Before they moved to Wilson from rural Greene County, where his father was a farmer, his parents would turn their home into a speakeasy on the weekends to make extra cash.
“They’d send us to bed early, but we’d peek and watch them as they danced to the wee-wee hours,” says Fields, 61, who plays Tremont Music Hall on Friday.
On Sundays, the nights of Fats Domino, Howlin’ Wolf and Buddy Holly gave way to hymns.
“I’d go to church and hear another kind of music. All of a sudden, instead of dancing, the ladies were jumping up and down and falling out on the floor. I was kind of scared of the preacher. What did he say to make that lady fall down?”
Done in by disco
As a teenager in 1968, Fields moved to New York to pursue a singing career. He enjoyed a healthy 12-year run until the rise of disco quashed the earthier soul market. Fields has been on a gradual comeback since the early ’90s after a decade spent renovating and renting apartments near his home of Plainfield, N.J.
“That was shattering for me,” he says of the downturn in the late ’70s and early ’80s. “Club owners were changing to accommodate more deejays and fewer bands.”
By that time he had a wife and three kids. He nearly gave up on music and opened a fish market until his wife pointed out that he knew little about fish. Instead he invested in home-recording equipment, began performing, and giving away cassettes of his songs.
Soon crowds were paying for them. Fields was busy on the blues circuit when he was approached to sing for a young soul label, Desco Records. Its founders, Phillip Lehman and Gabriel Roth, knew Fields as a “legend of the old soul 45s” (according to a 2008 New York Times story). Original pressings of Fields’ early records still draw hefty sums from collectors.
“I told my wife, ‘I got these two kids coming over and they want to do some soul-funk. And they’re white kids. (She said) ‘What do they know about soul and funk?’ ” he recalls.
Turned out Lehman and Roth were on to something. Roth won a Grammy for Amy Winehouse’s “Back to Black” and leads the Dap-Kings. “The next thing I know we’re all over England. I got an album out. Sharon Jones (who went on to front Roth’s Dap-Kings) was my background singer.”
Roth and Lehman parted ways. Fields continued to work with both. In the mid-2000s he was recruited by French DJ/producer Martin Solveig (Madonna’s “MDNA”) to sing on a handful of dance singles that exposed a global audience to his classic R&B vocals.
A new album
His latest album, “Family Man” (for Truth and Soul Records) is a gritty soul throwback and arguably his best work. That’s partly due to how it was made.
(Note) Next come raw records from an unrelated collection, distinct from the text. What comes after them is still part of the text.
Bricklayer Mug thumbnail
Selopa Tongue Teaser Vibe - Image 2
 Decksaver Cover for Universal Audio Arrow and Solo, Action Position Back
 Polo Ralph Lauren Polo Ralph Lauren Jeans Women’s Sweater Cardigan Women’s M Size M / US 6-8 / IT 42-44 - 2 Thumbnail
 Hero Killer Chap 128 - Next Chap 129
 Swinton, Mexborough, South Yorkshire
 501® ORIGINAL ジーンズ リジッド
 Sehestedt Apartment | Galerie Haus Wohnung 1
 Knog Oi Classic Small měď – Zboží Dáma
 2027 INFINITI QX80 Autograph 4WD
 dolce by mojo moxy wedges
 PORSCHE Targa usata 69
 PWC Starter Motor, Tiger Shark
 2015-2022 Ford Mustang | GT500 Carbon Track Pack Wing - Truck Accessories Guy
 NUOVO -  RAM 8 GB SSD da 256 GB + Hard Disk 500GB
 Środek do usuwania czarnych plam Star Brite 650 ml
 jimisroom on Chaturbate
“We’re doing it the way records were recorded in the ’70s. Everything was actually played. Most records now use samples and synthesizers. When you hear a horn on our recordings, it’s a true horn,” he says. The other attraction is his youthful presence.
“I become that same rambunctious 17-year-old kid,” says Fields. “I always reach back and grab him. I try to get the same anxieties within me that I had then. I don’t want to sing from 40 years of experience. Then it’s going to sound like I’m 40 years older.”